In the RIG-I-MAVS pathway, RIG-I like receptors (such as RIG-I, MDA5 and DHX58) are a series of cytoplasmic RNA helicases that detect viral RNA. RIG-I and MDA5 show different ligand specificity and react to different viruses, while DHX58 promotes or antagonizes the recognition of viral RNA by MDA5 and RIG-I. When RIG-I or MDA5 recognized viral RNA, it quickly combined with MAVS to form a dimer, and MAVS then recruited TRAF2, TRAF3, TRAF5, TRAF6, CARD9 and TRADD to form a mitochondrial outer membrane assembly signal complex platform. The platform continues to recruit more functional proteins, such as CIAP1/2, TANK-NAP1-Tbkbp1, TAB2/3-TAB1-TAK1, TBK1-IKKε, IKKα-IKKβ-IKKγ.
RIP1-FADD-Casp8-Casp10, final IRF3, IRF7, NF- κ B and AP-1 are activated by phosphorylation to induce the expression of interferon and pro-inflammatory cytokines. Therefore, it is a common and practical clinical method to determine whether antiviral immunity occurs by measuring the level of interferon or pro-inflammatory cytokines. In addition to RIG-I and MDA5, there are some common RNA receptors such as OAS1 and RnaseL.

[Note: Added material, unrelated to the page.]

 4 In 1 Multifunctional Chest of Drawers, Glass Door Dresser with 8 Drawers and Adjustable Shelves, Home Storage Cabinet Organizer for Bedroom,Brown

CGAS is a cytoplasmic DNA receptor that can recognize viral DNA. When cGAS is activated by viral DNA, its conformation changes and forms cGAMP. cGAMP binds and activates endoplasmic reticulum junction protein STING. The activated STING starts to recruit TBK1 and migrate to Golgi apparatus, leading to IRF3 and NF- κ Phosphorylation and nuclear translocation of B and STAT6 lead to increased expression of interferon and other inflammatory genes. This period also involves the modification of many proteins, such as the kinase ULK1/ATG1 and phosphatase PPM1A involved in phosphorylation regulation, and the E3 ligases RNF5, TRIM21 and TRIM30 involved in ubiquitination regulation α, TRIM32, TRIM56, AMFR and INSIG1, palmitoyl transferases DHHC3, DHHC7 and DHHC15 involved in palmitoylation regulation.

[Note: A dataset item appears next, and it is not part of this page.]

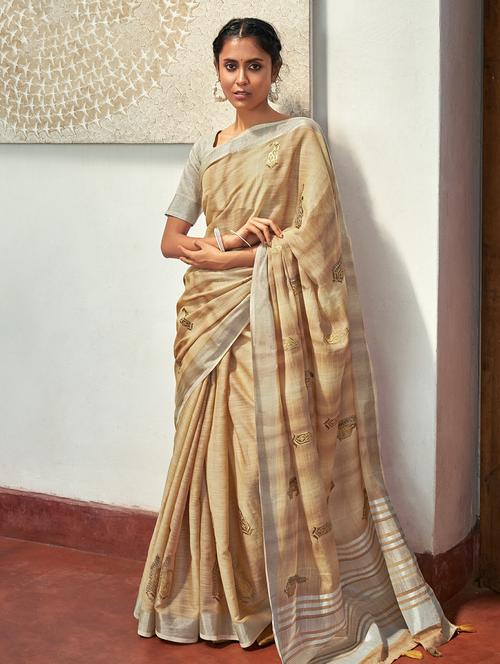 zari work woven saree with blouse - 18458238 - Very Small Image - 1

Antiviral innate immunity is an extremely complex process. The RIG-I-MAVS signal pathway will also cross talk with multiple signal pathways such as cGAS-STING, inflammatory bodies, and autophagy. Similarly, cGAS-STING signal pathway will also cross talk with inflammatory bodies, TLR, JAK-STAT and autophagy, which further increases the complexity of anti-viral natural immune regulation and function.